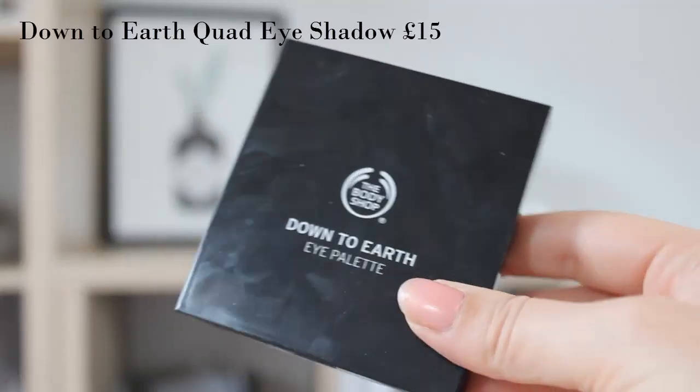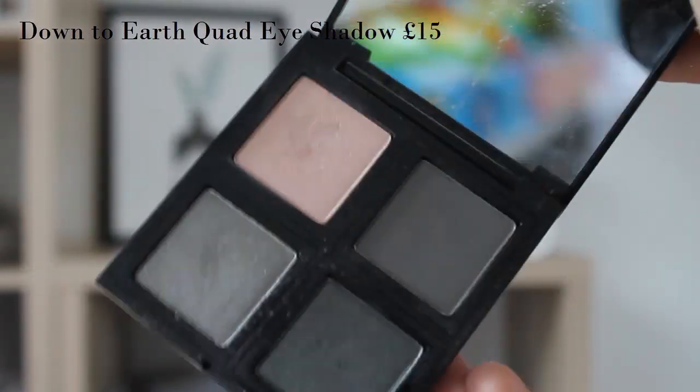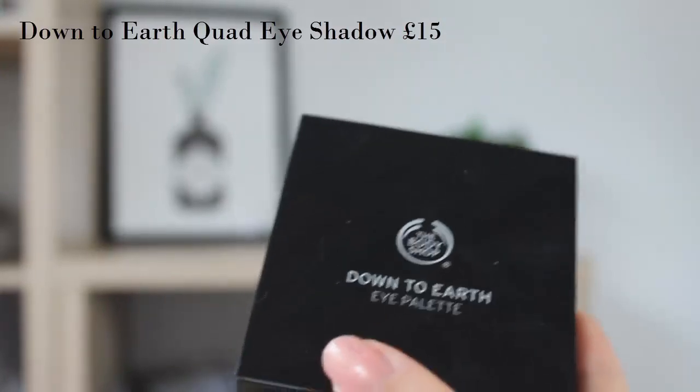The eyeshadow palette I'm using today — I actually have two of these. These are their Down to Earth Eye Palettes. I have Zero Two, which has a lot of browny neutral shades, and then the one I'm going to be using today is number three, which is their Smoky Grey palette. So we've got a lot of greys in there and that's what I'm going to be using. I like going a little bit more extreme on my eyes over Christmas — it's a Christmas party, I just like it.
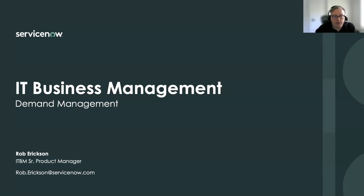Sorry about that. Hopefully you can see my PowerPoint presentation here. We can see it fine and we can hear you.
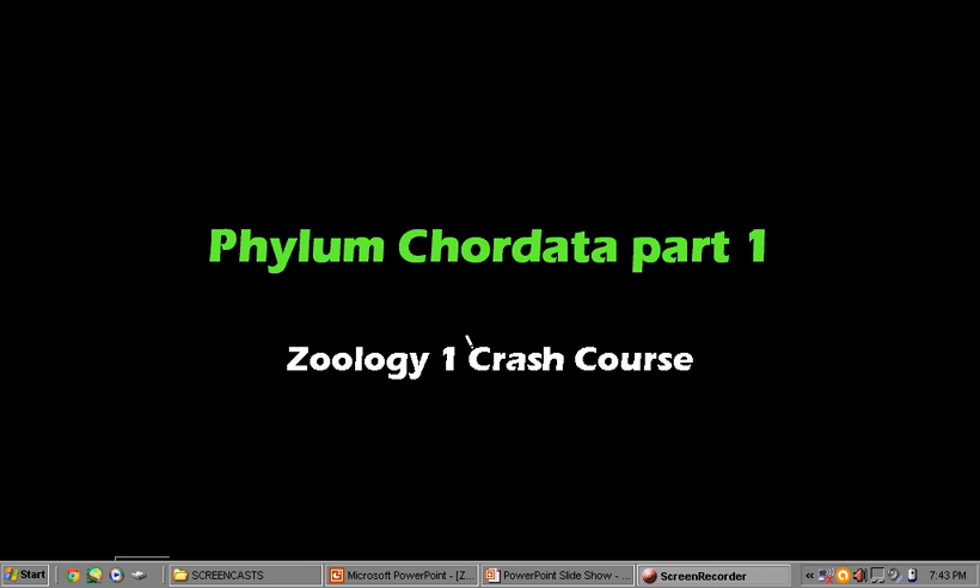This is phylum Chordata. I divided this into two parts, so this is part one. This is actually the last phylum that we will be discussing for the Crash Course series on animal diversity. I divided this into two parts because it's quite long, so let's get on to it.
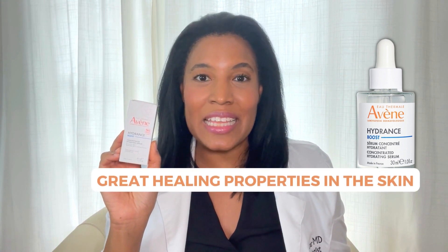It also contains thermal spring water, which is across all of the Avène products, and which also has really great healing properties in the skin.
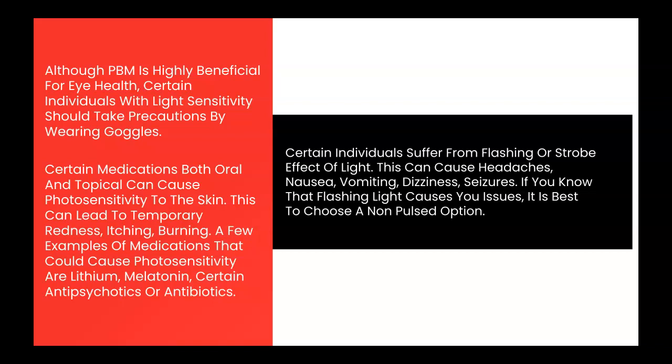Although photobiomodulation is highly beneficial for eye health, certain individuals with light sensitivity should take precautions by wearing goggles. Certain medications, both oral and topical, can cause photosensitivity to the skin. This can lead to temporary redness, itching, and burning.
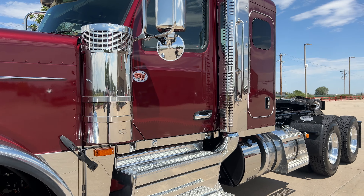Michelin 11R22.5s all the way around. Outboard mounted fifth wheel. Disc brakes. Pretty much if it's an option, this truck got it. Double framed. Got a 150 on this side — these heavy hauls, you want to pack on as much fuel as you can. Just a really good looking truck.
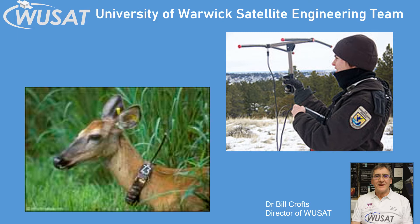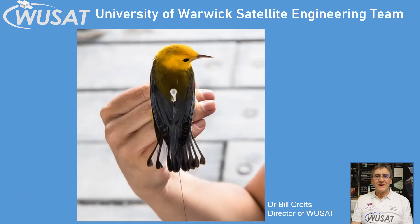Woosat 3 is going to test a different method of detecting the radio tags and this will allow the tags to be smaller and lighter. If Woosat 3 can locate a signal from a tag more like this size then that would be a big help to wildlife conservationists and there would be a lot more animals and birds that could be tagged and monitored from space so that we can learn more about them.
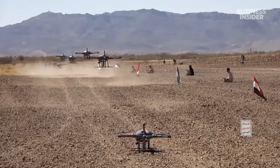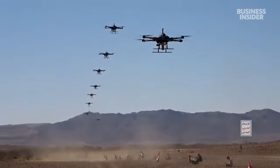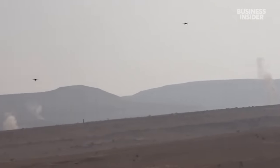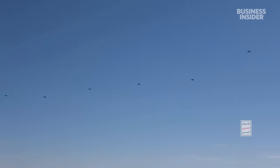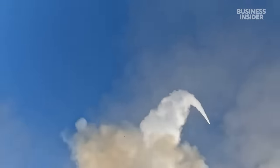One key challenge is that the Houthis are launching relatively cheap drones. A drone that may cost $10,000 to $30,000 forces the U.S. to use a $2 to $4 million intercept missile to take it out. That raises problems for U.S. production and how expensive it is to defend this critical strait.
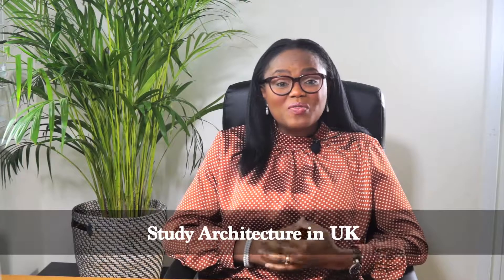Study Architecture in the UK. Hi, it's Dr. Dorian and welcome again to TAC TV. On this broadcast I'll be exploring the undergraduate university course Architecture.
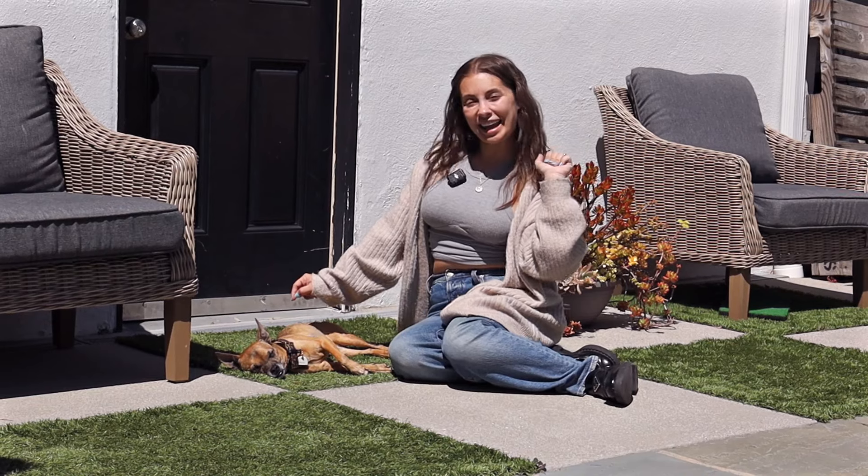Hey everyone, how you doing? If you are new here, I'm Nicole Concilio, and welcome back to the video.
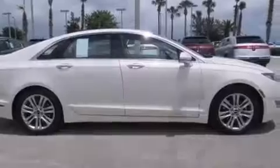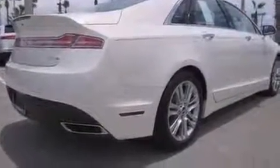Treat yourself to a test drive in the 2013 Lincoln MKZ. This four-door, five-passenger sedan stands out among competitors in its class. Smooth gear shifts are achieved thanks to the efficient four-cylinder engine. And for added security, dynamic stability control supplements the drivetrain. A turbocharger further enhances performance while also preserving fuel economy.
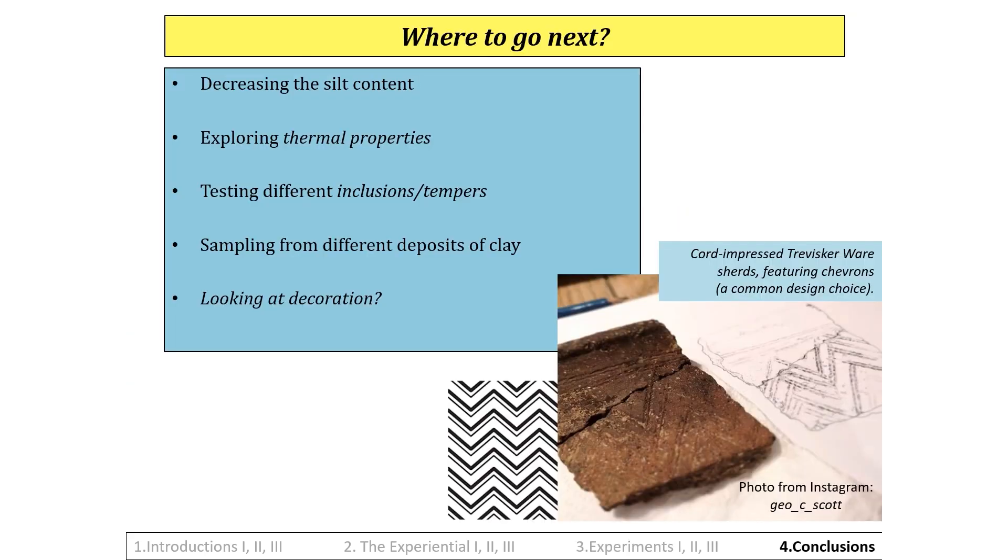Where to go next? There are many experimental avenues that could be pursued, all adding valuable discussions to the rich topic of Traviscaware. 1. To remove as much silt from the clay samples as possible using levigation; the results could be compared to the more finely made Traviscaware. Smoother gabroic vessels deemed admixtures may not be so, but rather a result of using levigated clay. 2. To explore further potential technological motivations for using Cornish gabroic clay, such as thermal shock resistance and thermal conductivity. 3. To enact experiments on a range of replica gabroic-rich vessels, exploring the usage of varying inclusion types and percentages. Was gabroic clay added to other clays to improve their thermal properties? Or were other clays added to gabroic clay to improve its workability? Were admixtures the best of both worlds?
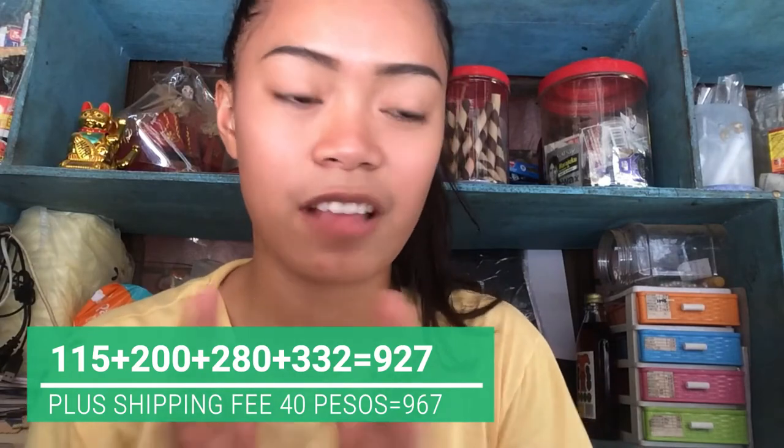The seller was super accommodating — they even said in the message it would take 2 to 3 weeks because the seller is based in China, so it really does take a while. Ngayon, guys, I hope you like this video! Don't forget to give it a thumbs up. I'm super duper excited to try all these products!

*WHAT TO DO*
Beginning with the line above that contains "This is phylum" and ending with the line that contains "Although photobiomodulation is", quote each line exactly, keeping out the pictures.

*YOUR RESPONSE*
This is phylum Chordata. I divided this into two parts, so this is part one. This is actually the last phylum that we will be discussing for the Crash Course series on animal diversity. I divided this into two parts because it's quite long, so let's get on to it.
It also contains thermal spring water, which is across all of the Avène products, and which also has really great healing properties in the skin.
Although photobiomodulation is highly beneficial for eye health, certain individuals with light sensitivity should take precautions by wearing goggles. Certain medications, both oral and topical, can cause photosensitivity to the skin. This can lead to temporary redness, itching, and burning.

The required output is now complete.